*EXTRACTED MATERIAL:*
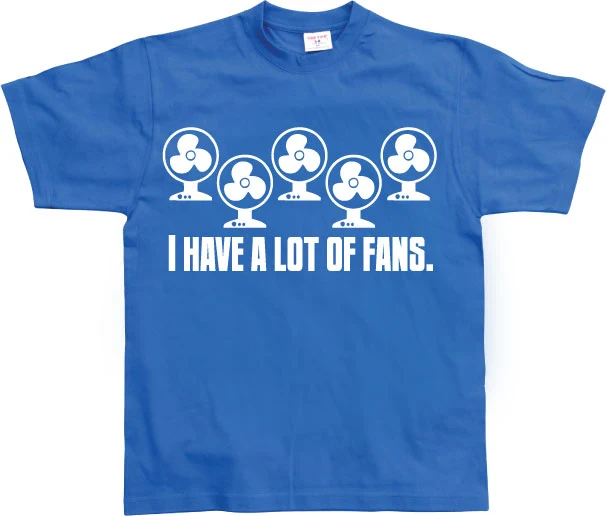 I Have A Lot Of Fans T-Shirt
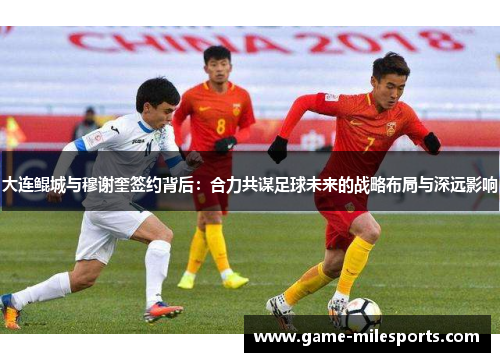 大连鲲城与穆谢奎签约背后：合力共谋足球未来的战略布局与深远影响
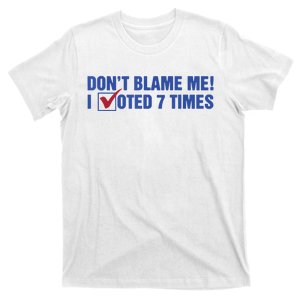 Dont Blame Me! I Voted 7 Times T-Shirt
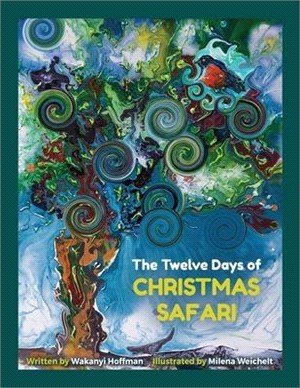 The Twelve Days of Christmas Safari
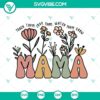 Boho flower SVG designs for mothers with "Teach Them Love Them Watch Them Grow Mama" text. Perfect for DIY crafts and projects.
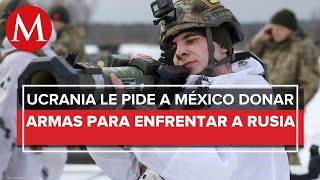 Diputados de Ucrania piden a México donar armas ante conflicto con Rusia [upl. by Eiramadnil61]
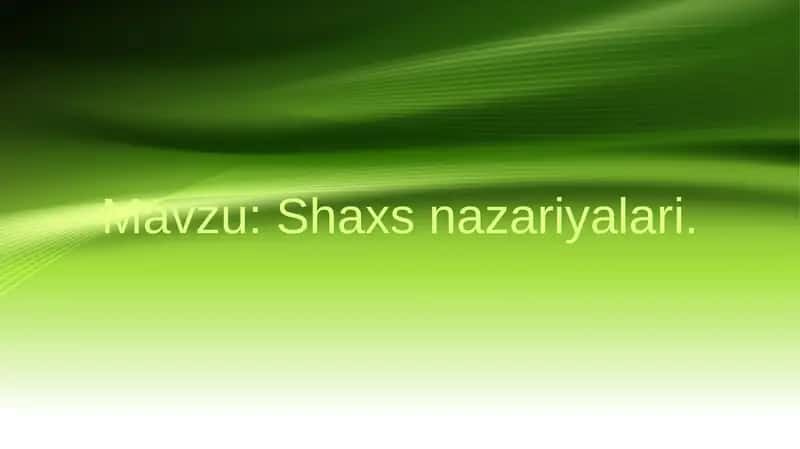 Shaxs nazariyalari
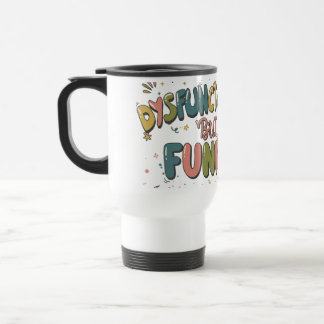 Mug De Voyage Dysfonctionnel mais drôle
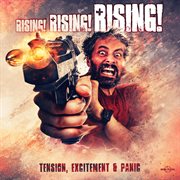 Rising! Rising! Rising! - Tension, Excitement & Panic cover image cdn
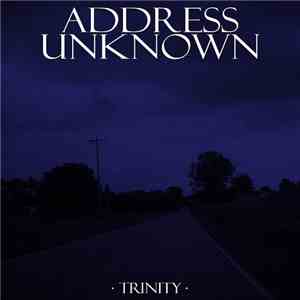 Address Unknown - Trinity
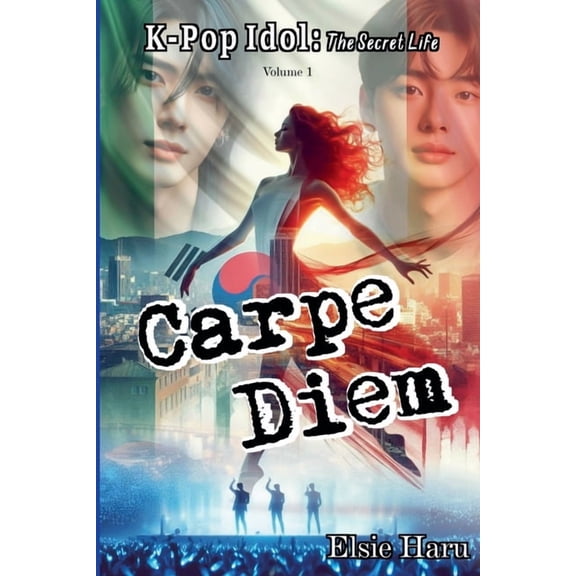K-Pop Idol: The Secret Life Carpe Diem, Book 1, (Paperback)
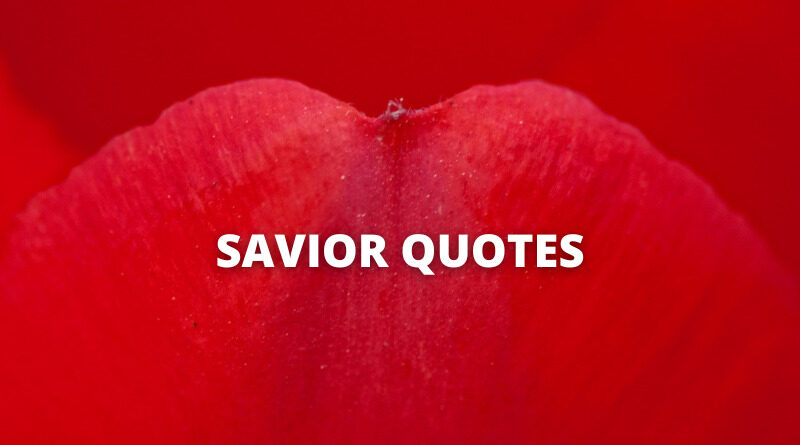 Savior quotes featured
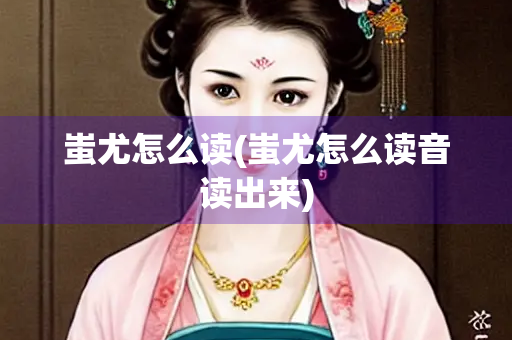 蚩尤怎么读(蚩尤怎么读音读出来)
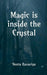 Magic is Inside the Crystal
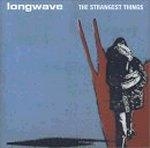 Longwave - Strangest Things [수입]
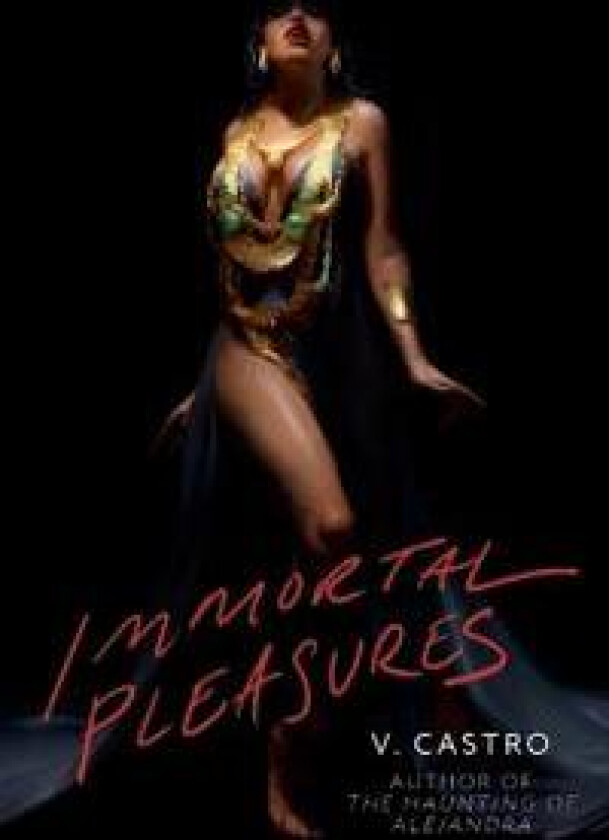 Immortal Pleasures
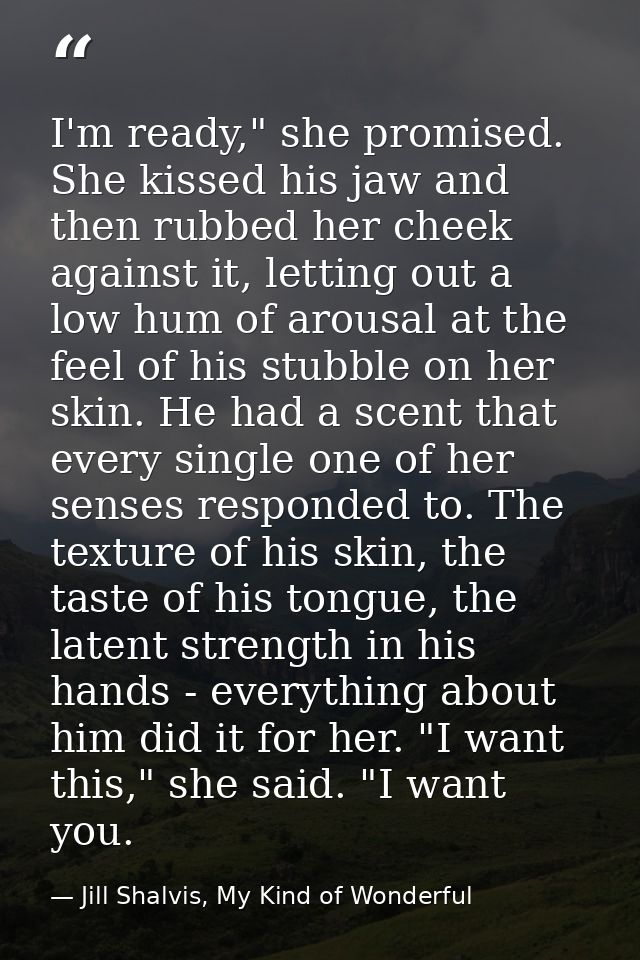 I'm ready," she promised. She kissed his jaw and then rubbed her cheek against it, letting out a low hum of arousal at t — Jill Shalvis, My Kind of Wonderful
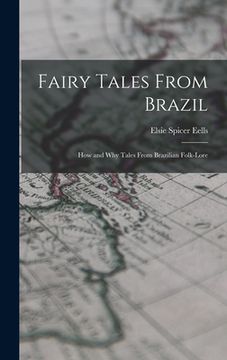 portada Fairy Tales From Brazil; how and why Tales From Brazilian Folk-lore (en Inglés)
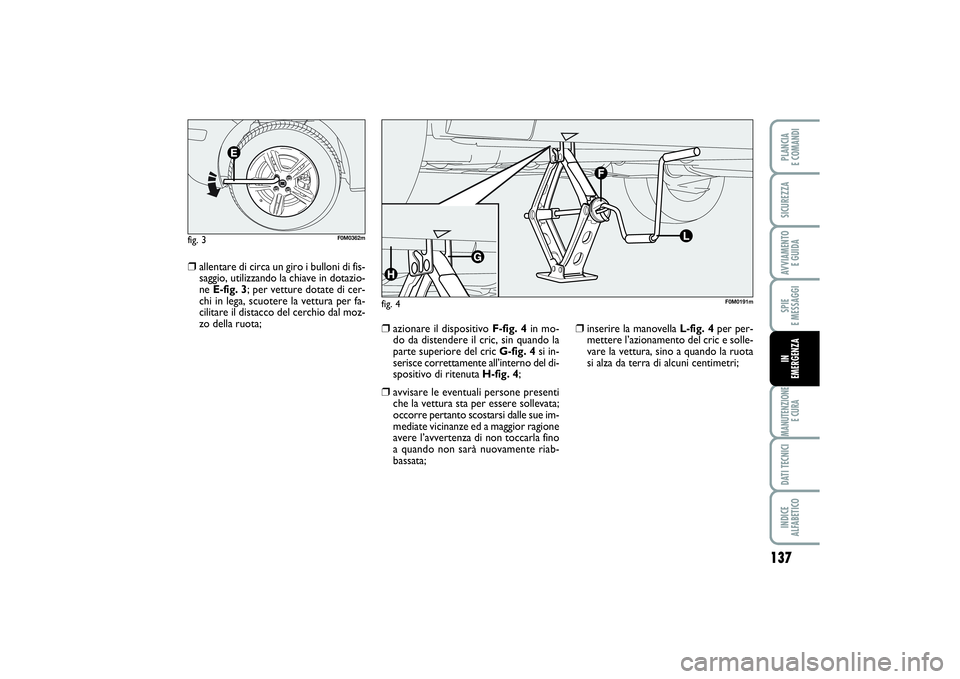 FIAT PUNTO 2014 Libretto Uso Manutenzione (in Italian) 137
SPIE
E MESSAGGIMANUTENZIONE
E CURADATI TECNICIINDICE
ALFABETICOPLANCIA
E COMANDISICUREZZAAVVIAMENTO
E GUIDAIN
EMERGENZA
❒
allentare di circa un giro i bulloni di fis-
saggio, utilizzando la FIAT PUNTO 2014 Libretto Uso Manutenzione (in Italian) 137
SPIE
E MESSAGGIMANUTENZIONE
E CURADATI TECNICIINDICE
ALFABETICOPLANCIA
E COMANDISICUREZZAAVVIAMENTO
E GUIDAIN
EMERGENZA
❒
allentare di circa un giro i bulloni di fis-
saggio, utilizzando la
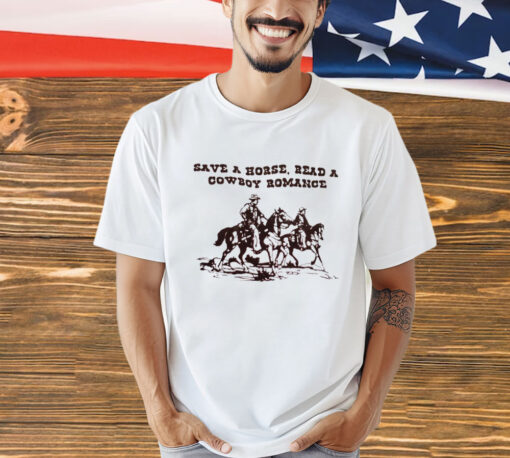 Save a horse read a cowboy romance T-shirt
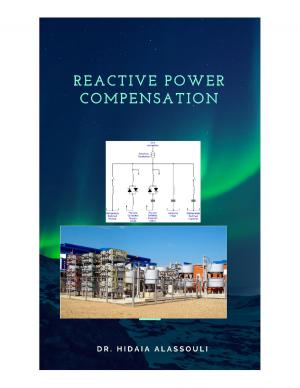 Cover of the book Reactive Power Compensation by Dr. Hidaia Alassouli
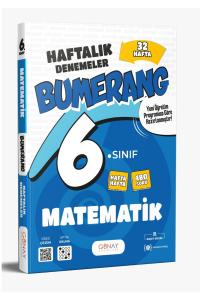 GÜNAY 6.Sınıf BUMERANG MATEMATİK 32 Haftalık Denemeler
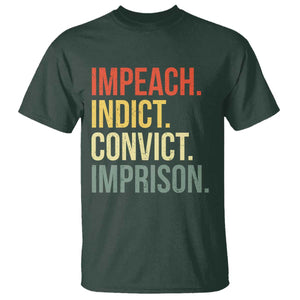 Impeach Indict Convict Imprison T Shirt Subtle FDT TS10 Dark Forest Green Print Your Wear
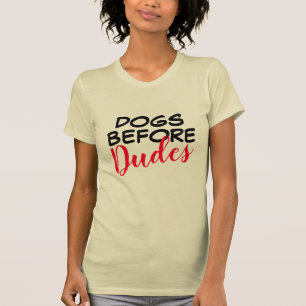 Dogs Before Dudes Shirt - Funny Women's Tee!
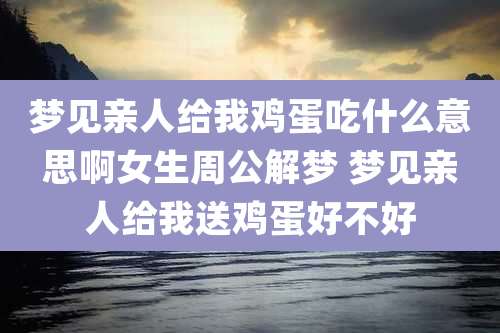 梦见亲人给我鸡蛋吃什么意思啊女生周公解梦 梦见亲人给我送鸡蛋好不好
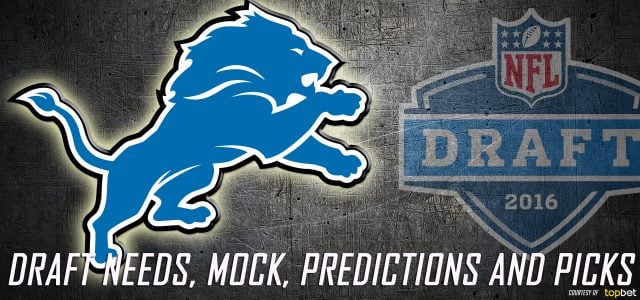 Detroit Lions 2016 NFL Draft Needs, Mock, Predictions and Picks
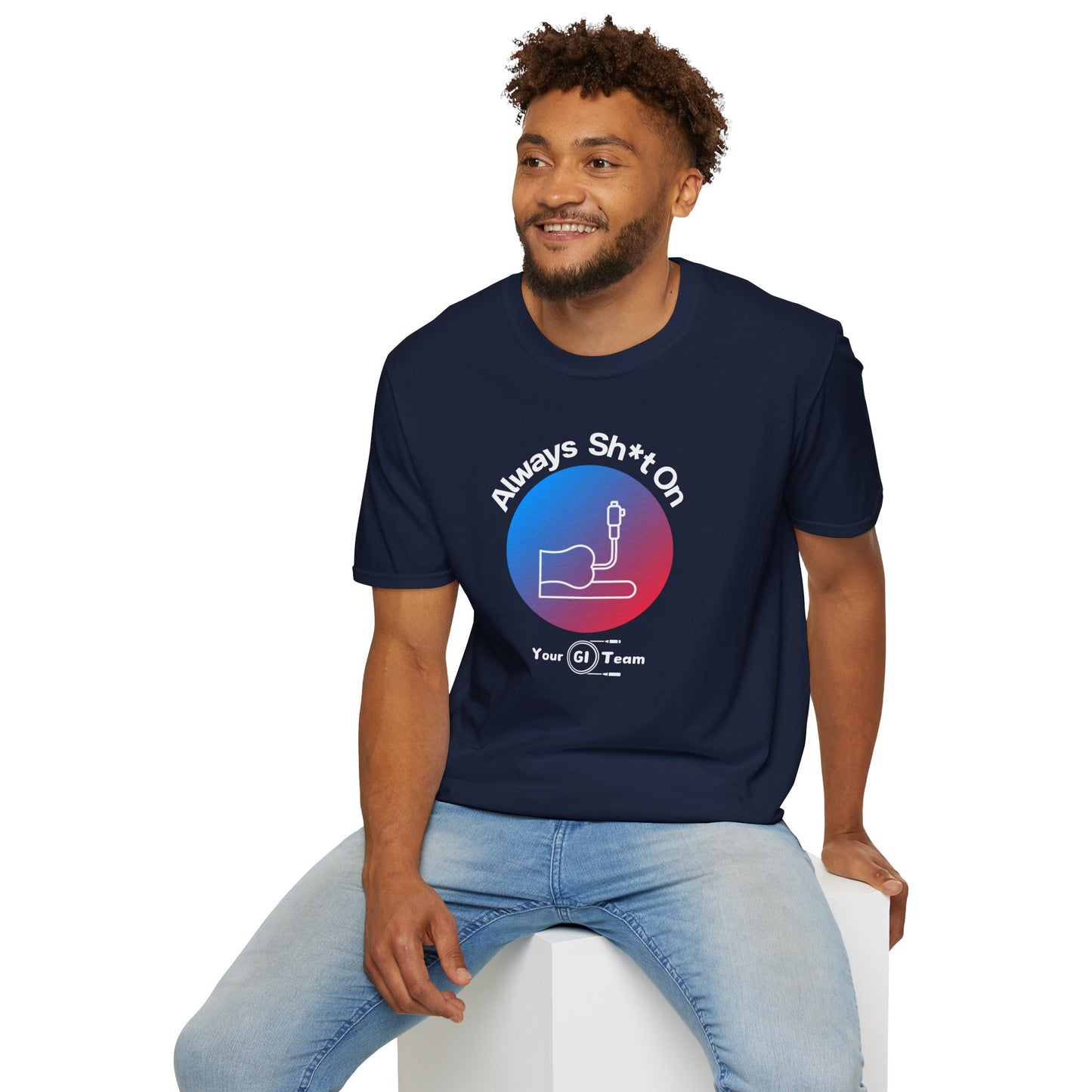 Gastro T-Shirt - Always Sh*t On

*ASSIGNED TASK:*
Only one thing is wanted here, an exact copy of the lines from the first line above through the line containing "Address Unknown - Trinity", minus any picture.

*ANSWER SECTION:*
 I Have A Lot Of Fans T-Shirt
 大连鲲城与穆谢奎签约背后：合力共谋足球未来的战略布局与深远影响
 Dont Blame Me! I Voted 7 Times T-Shirt
 The Twelve Days of Christmas Safari
 Boho flower SVG designs for mothers with "Teach Them Love Them Watch Them Grow Mama" text. Perfect for DIY crafts and projects.
 Diputados de Ucrania piden a México donar armas ante conflicto con Rusia [upl. by Eiramadnil61]
 Shaxs nazariyalari
 Mug De Voyage Dysfonctionnel mais drôle
 Rising! Rising! Rising! - Tension, Excitement & Panic cover image cdn
 Address Unknown - Trinity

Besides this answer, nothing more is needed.